From bodily expression to abstracted forms, figural representation is sustained and transformed through the Central and West African sculptures also portrayed in these images—culled from Edmonds’ personal collection, which has been growing extensively since the spring of 2018. Whether isolated centrally amongst sheets of dazzling gold, or clustered in a tender dialogue with a seated figure and rendered in monochrome, these sculptures are staged in a manner predicated on intimate relation within the frame, not solely for external visual consumption or material possession.

Carved from wood and varying in patina, texture, and style, these sculptures engage modes of artistic production that have informed not only aesthetic and sociocultural values throughout Central and West Africa, but also garnered interest as curios in nineteenth century Europe, and ignited a veritable explosion of European and North American modern art during the early twentieth century.

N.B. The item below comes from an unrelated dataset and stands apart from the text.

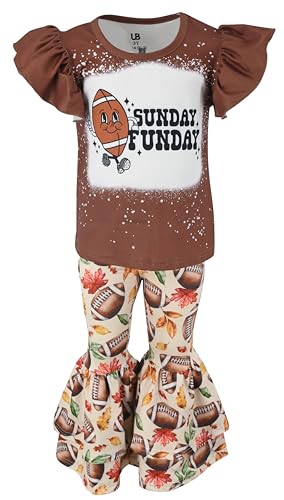 Image of Unique Baby 2 Piece Girls Double Bell Bottom Leggings Outfit with Short Sleeved Shirt Kid and Toddler Clothes Set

Considering this multivalent context, Edmonds’ visual strategies resonate on another level—harkening to Harlem Renaissance ‘dean’ Alain Locke’s call for the recognition of African sculptural art as “masterful over its material in a powerful simplicity of conception, design, and effect.” 1

Indeed, in Between Pathos & Seduction, the shadow of the Black Atlantic looms large, emphasizing the continued importance of this “zone of cultural transmission and translation through which the African diaspora, its labor, and its radical traditions dynamically shaped modernity.” 2 What is at stake is more than a matter of the formal or aesthetic. In the incorporation of these sculptural forms alongside such enigmatic and ecstatic instances of bodily expression, what does it mean for Edmonds to generate a field of vision that is so startlingly beautiful, transcendent, and transfixing? In this current moment of increasingly amplified calls for restitution and reparation, what might it mean to envision the seams of rupture and repair in such a manner? While recuperation may seem far from possible—or even reasonable to consider—in this context, the acts of care embedded in Edmonds’ illuminations remain. These subjects are quietly insistent, requiring our careful attention.

– Oluremi C. Onabanjo, 2019

JOHN EDMONDS (b. 1989) earned his MFA in Photography from Yale University and his BFA at the Corcoran School of Arts & Design. His work explores themes of identity, community and desire. Noted for his highly formalist photographs in which he focuses on the performative gestures and self-fashioning of young black men on the streets of America, his work is in numerous public and private collections, including the Art Gallery of Ontario, The Columbus Museum of Art, The Philadelphia Museum of Art, The Museum of Fine Arts Houston, SFMoMA, and the Brooklyn Museum. In 2018, TIME Magazine listed his debut monograph, Higher, as one of the top 25 Photobooks of the year. Recent exhibitions include tête à tête at the Henry Art Gallery, University of Washington, Seattle, God Made My Face: A Collective Portrait of James Baldwin at David Zwirner, Family Pictures at the Milwaukee Art Museum and Face to Face at the California African American Museum. Residencies include: the Skowhegan School of Painting and Sculpture, Skowhegan, ME; Light Work, Syracuse, NY; and the Banff Centre, Banff, AB. He lives and works in Brooklyn, New York and is on faculty at Yale University and the School of Visual Arts, NY. Between Pathos & Seduction is Edmonds’ first solo show with COMPANY, New York.

OLUREMI C. ONABANJO is a curator and scholar of photography and the Arts of Africa. The former Director of Exhibitions and Collections of The Walther Collection, she is a doctoral candidate in Art History at Columbia University.

Locke, Alain. 1925. “The Legacy of the Ancestral Arts.” The New Negro: Voices of the Harlem Renaissance. 258.
Bourland, Ian. 2019. Bloodflowers: Rotimi Fani-Kayode, Photogrpahy and the 1980s. Duke University Press: Durham and London. 4.